MATERIAL FOR THIS TASK:
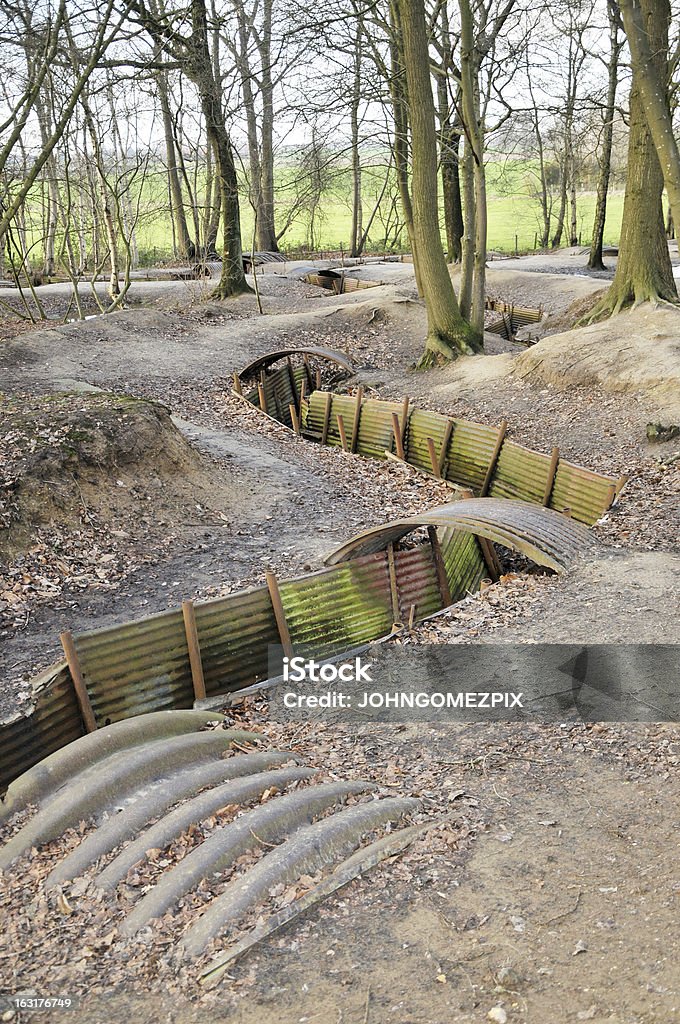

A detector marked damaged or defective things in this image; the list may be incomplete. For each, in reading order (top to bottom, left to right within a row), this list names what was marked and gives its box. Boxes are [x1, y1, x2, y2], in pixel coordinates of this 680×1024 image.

rusty metal sheet [237, 344, 352, 380]
rusty metal sheet [323, 497, 593, 573]
rusty metal sheet [491, 440, 557, 503]
rusty metal sheet [548, 460, 618, 524]
rusty metal sheet [74, 606, 195, 729]
rusty metal sheet [193, 585, 278, 696]
rusty metal sheet [276, 552, 393, 655]
rusty metal sheet [0, 659, 82, 794]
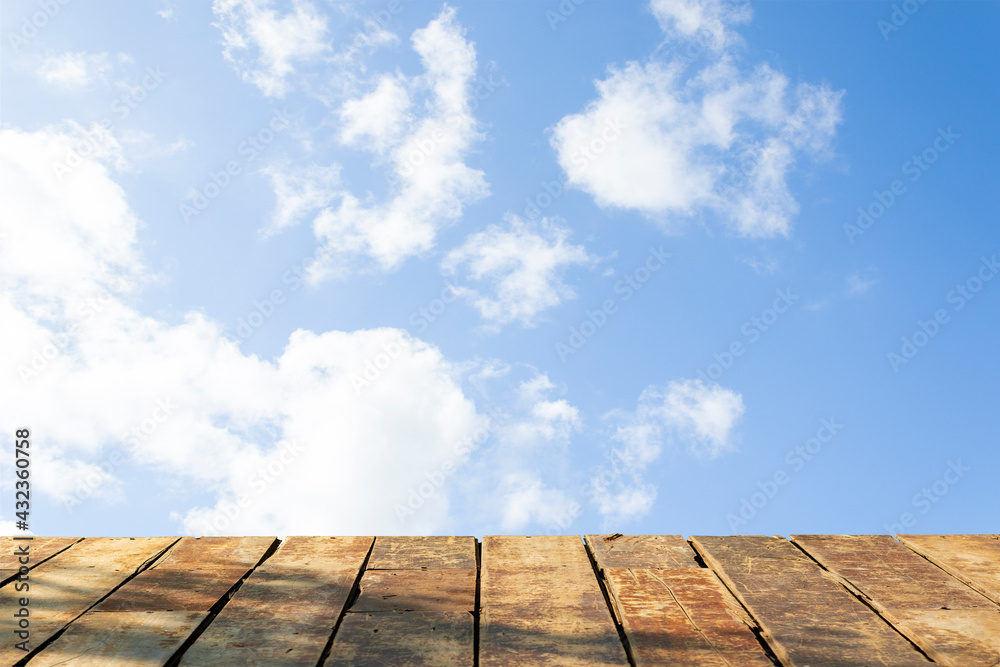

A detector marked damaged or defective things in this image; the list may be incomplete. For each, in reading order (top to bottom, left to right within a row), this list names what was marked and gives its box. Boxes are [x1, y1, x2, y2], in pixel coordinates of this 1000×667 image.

rusty stain on wood [692, 536, 932, 667]
rusty stain on wood [792, 532, 1000, 667]
rusty stain on wood [896, 536, 1000, 608]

WHAT IS BEING ASKED: Transcribe, without alteration, the line that contains "this 1000×667 image." together with all lines after it in the listing above.

SOLUTION FOR THIS EXERCISE:
A detector marked damaged or defective things in this image; the list may be incomplete. For each, in reading order (top to bottom, left to right within a row), this list names what was marked and gives its box. Boxes are [x1, y1, x2, y2], in pixel coordinates of this 1000×667 image.

rusty stain on wood [692, 536, 932, 667]
rusty stain on wood [792, 532, 1000, 667]
rusty stain on wood [896, 536, 1000, 608]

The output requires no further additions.